You may have noticed that Enreach increasingly uses the term ‘contact’, rather than talking about unified communications (UC) or UCaaS. There is a good reason for this shift in our focus: we believe ‘contact’ more accurately describes how people communicate, collaborate and work these days. Plus, it fits in with our vision to enable more meaningful human connections, whether ad-hoc or planned, without digital or physical barriers.
‘Communication’ is an exchange or information (verbal or non verbal), while ‘collaboration’ is about working together, and ‘productivity’ is how people work. What ‘contact’ does is embrace all three of those, and also reflects just how many forms of contact most of have these days, across voice and data, for instance chat, mobile phones, email and more.
We also like ‘contact’ because it fits into a more modern view of the digital workplace. To us, talking about UC and UCaaS is still valid, but they are starting to feel old-fashioned and out of step, not just with our vision but these terms are not representative of how everyone shares and receives contact in multiple ways. Also, UC and UCaaS describe the ‘how’ not the ‘why’, technology abbreviations that work for the industry but not for people in general.

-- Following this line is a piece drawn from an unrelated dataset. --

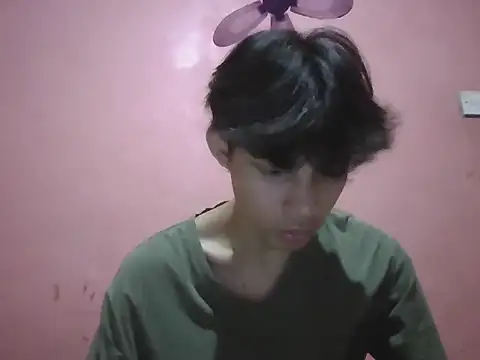 Snapshot of Kyoshi_19 chatting on 10-04-25, 10:57 Kyoshi 19 online show from 10-04-25, 10:57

We also see contact converging, bringing those technology islands together, so that people can have more natural and focused conversations (whether via
voice, video or data), without all those technologies getting in the way. We will be sharing our vision for converged contact shortly. In the meantime, why not have a think about all your own forms of contact — incoming and outgoing — and what, in an ideal world, could be improved.